When you reach the line with "24 Quirky Mushroom" in the records below, begin transcribing exactly and continue up to and including the line with "سرير فى غرفة مشتركه, N45", leaving out every picture.

### Information given ###

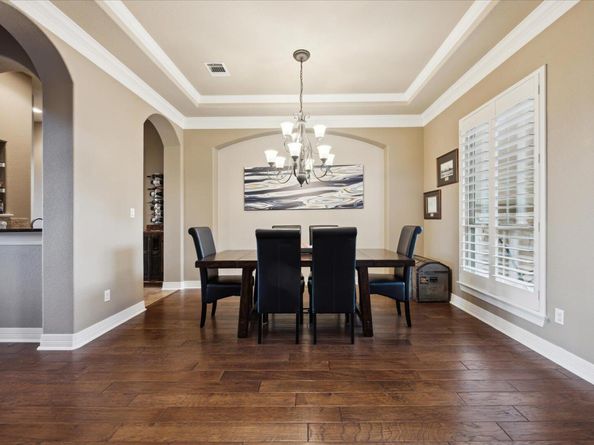 613 Horseback HOLW, Austin TX 78732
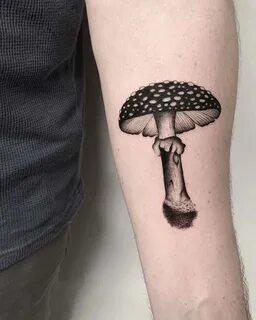 24 Quirky Mushroom Tattoo Designs and Popular Meanings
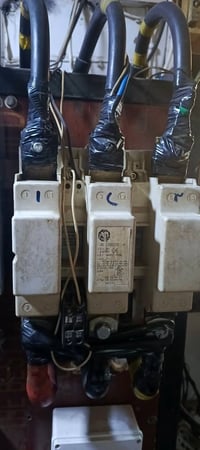 كونتاكتور ايطالي • ٧٦٠ امبير • معدات كهربائية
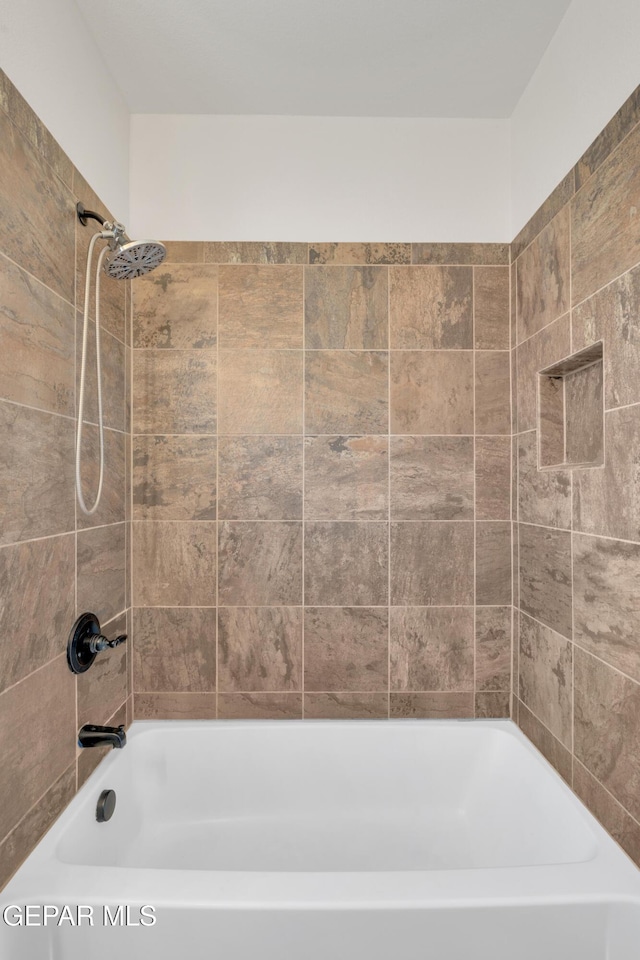 12776 Runway Ave, El Paso, TX 79928 - full bath featuring shower / washtub combination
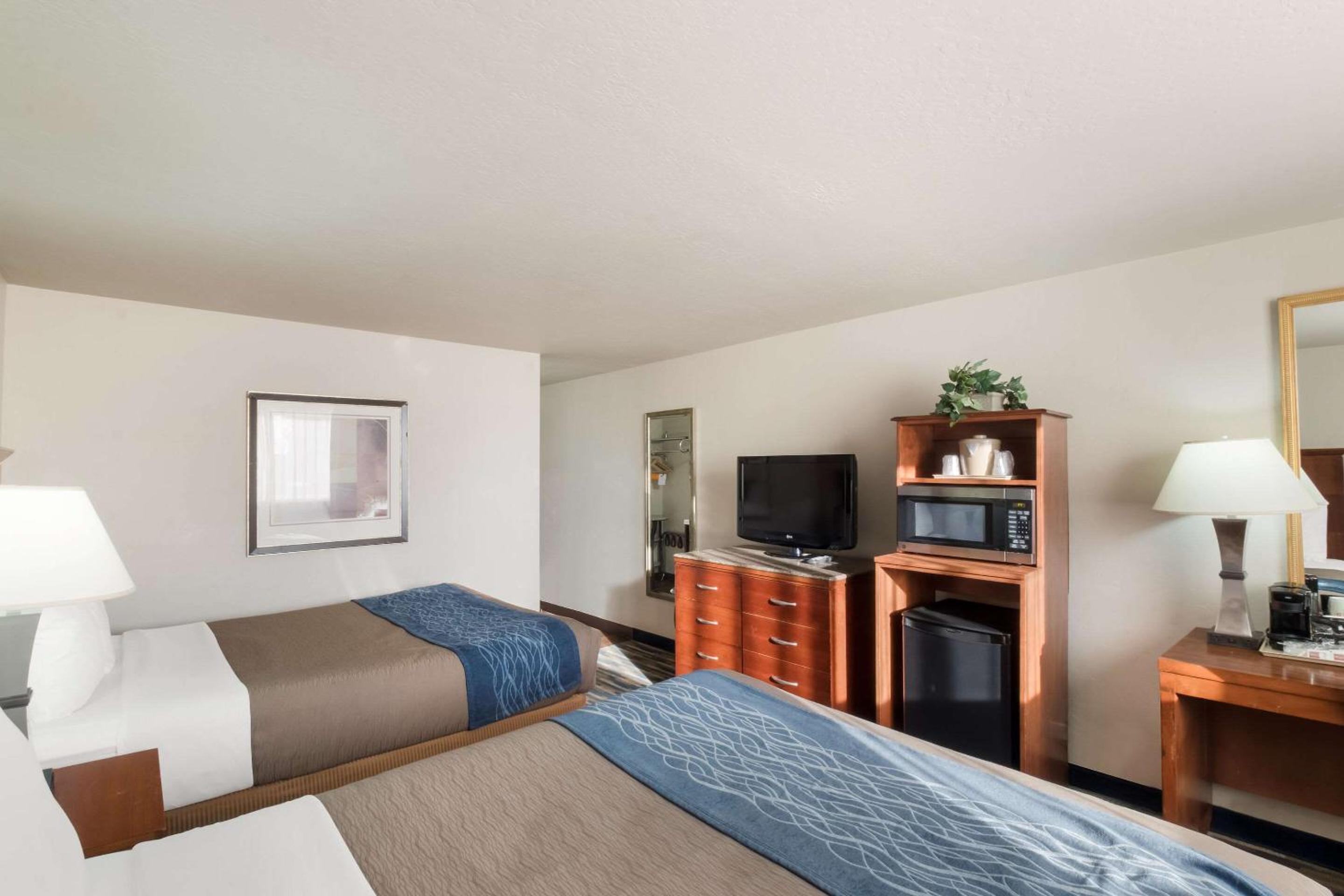 Queen Room with Two Queen Beds - Non-Smoking - Photo 2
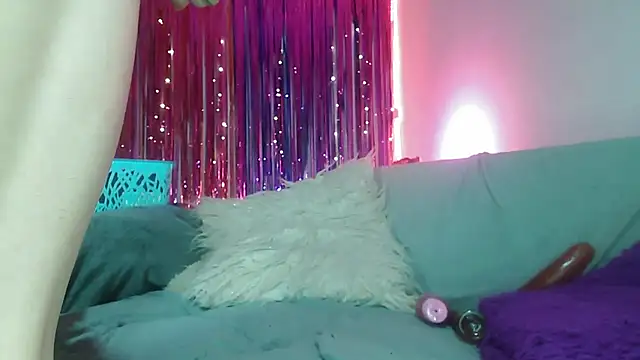 princesskitty111 online show from 01.25.25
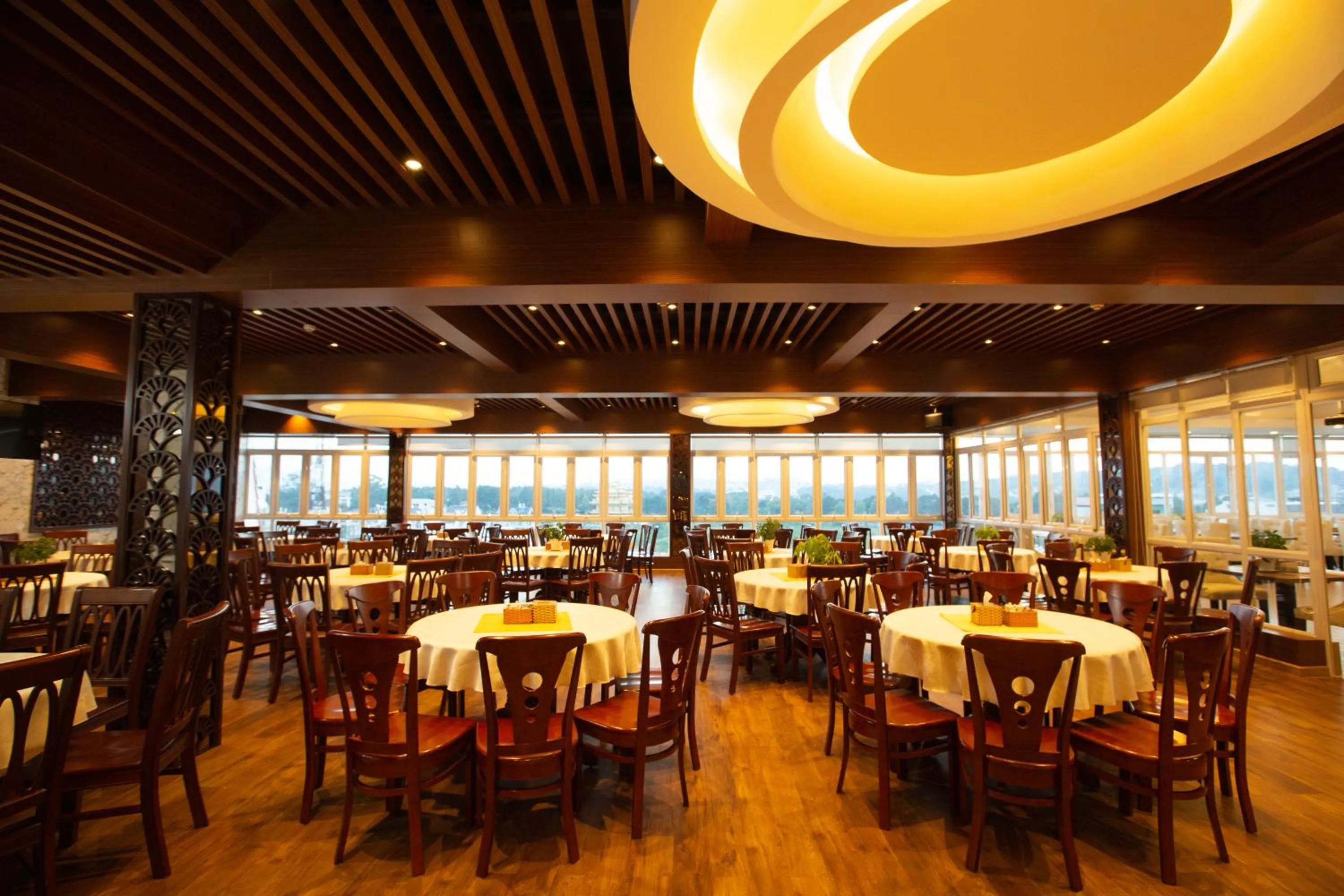 Restaurant/places to eat in Dragon King 1 Hotel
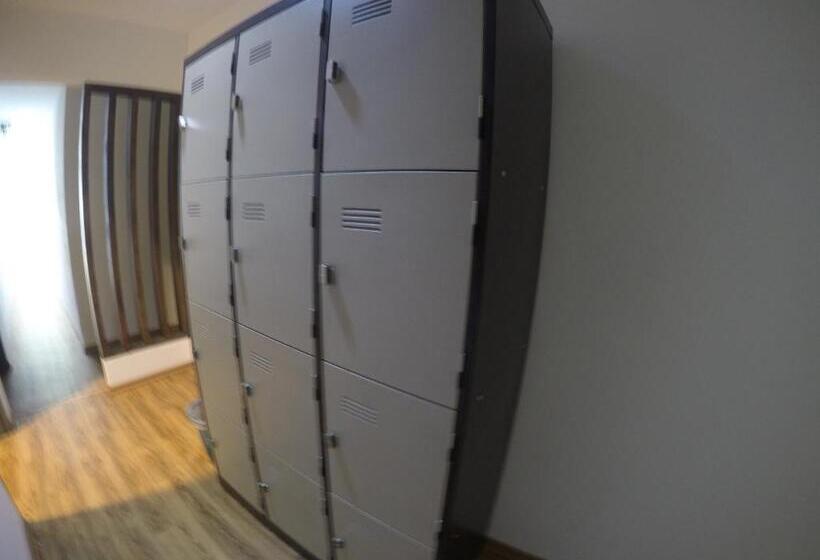 سرير فى غرفة مشتركه, N45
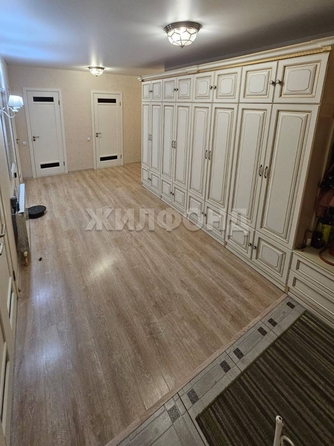 
  Продается 3-комн. квартира, 107.4 м², Аркадия Иванова ул, д. 27
. Фото 8.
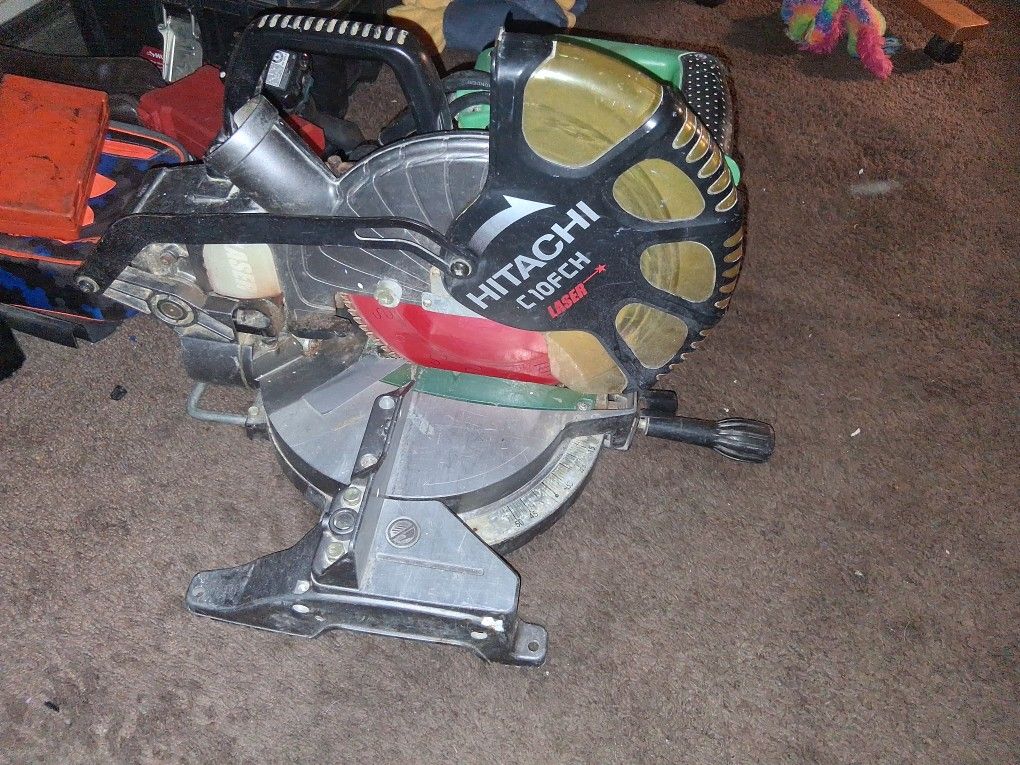 10in Hitachi Compound Saw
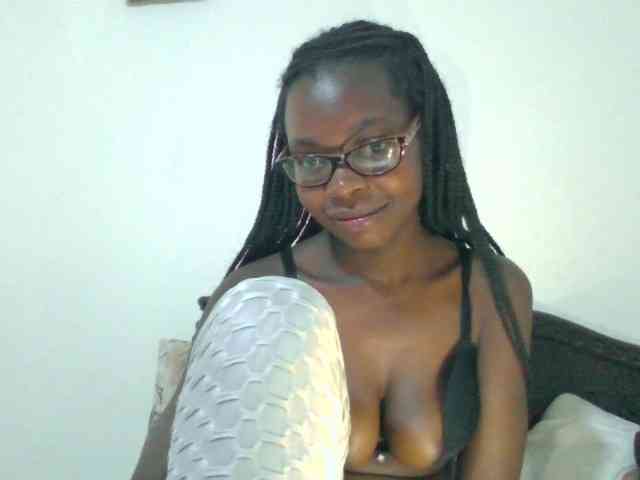 petitehotgirl webcam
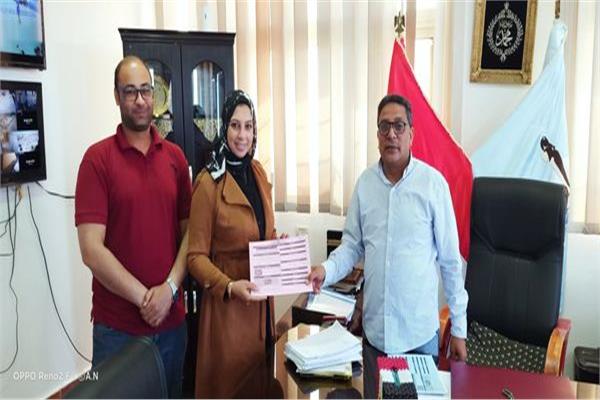 تسليم أول ترخيص طبقا للاشتراطات البنائية الجديدة برأس غارب في البحر الأحمر  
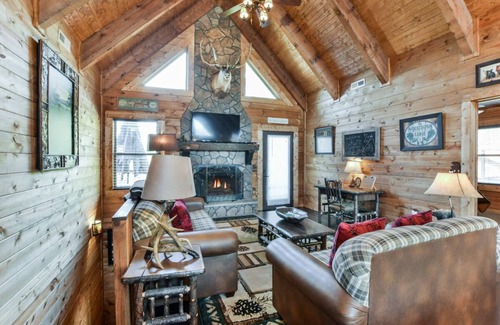 Branson Cedars Cabin | Rustic Timber Lodge: Guest Rated 9.8 with Pool & Spa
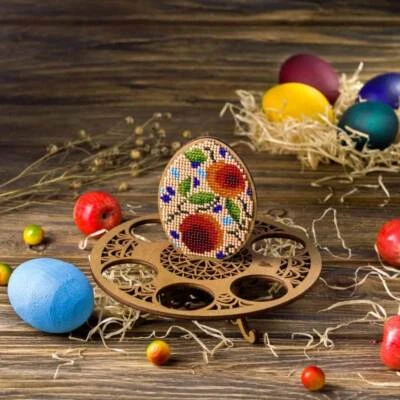 Сделай сам набор для вышивки бисером на дереве «Яйцо с красными цветами»  - Изображение 1 из 4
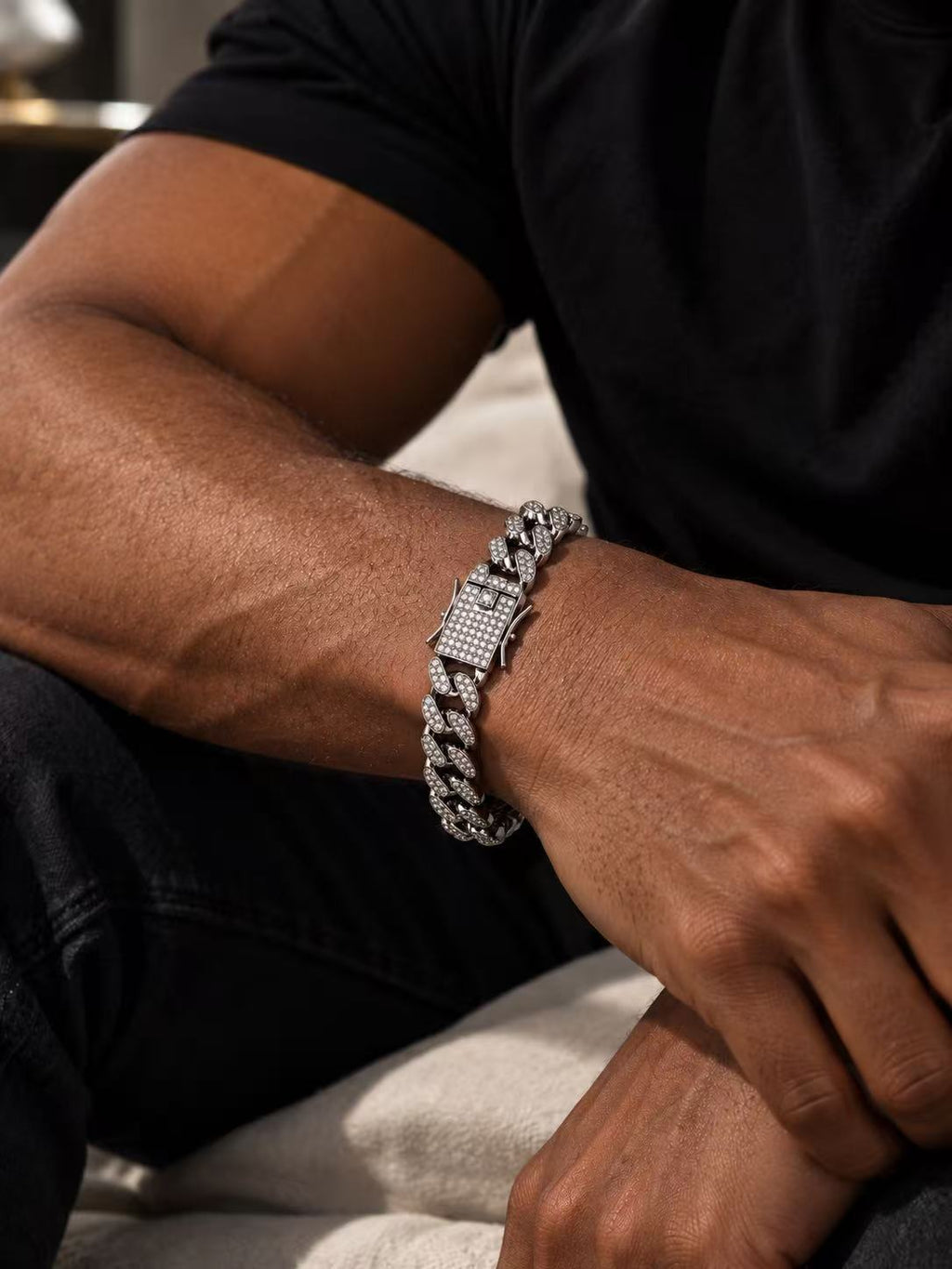 Cuban Link Chain Bracelet for Men - Sleek & Bold Accessory for Everyday Wear
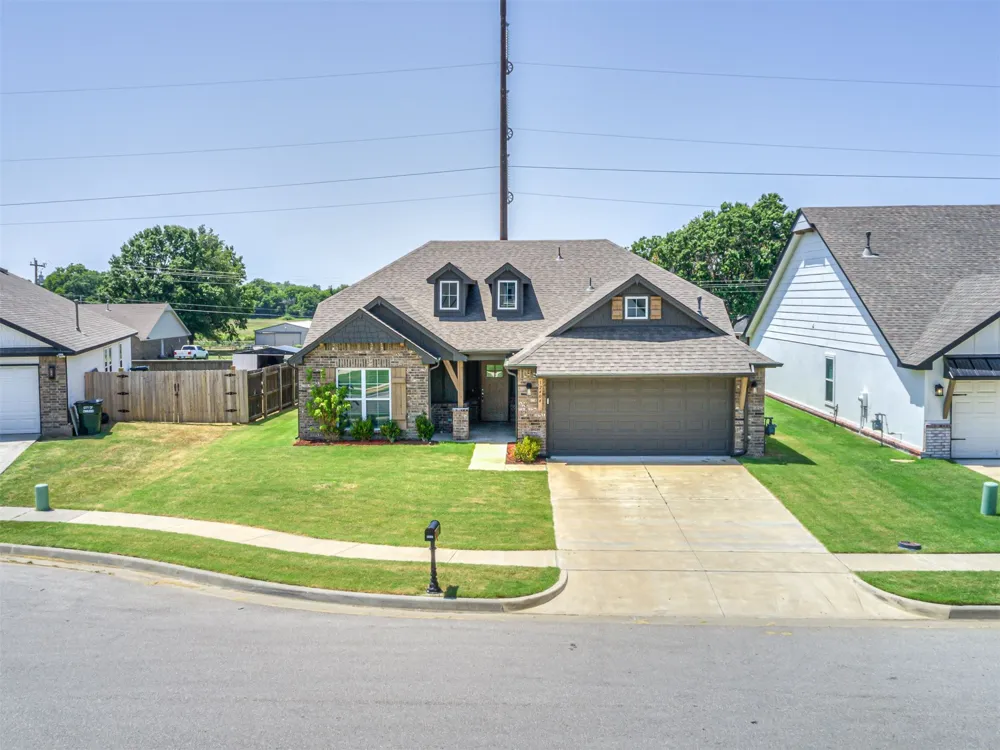 12404 130 EastAvenue Collinsville, OK 74021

###

▶ [Answer below]:
 24 Quirky Mushroom Tattoo Designs and Popular Meanings
 كونتاكتور ايطالي • ٧٦٠ امبير • معدات كهربائية
 12776 Runway Ave, El Paso, TX 79928 - full bath featuring shower / washtub combination
 Queen Room with Two Queen Beds - Non-Smoking - Photo 2
 princesskitty111 online show from 01.25.25
 Restaurant/places to eat in Dragon King 1 Hotel
 سرير فى غرفة مشتركه, N45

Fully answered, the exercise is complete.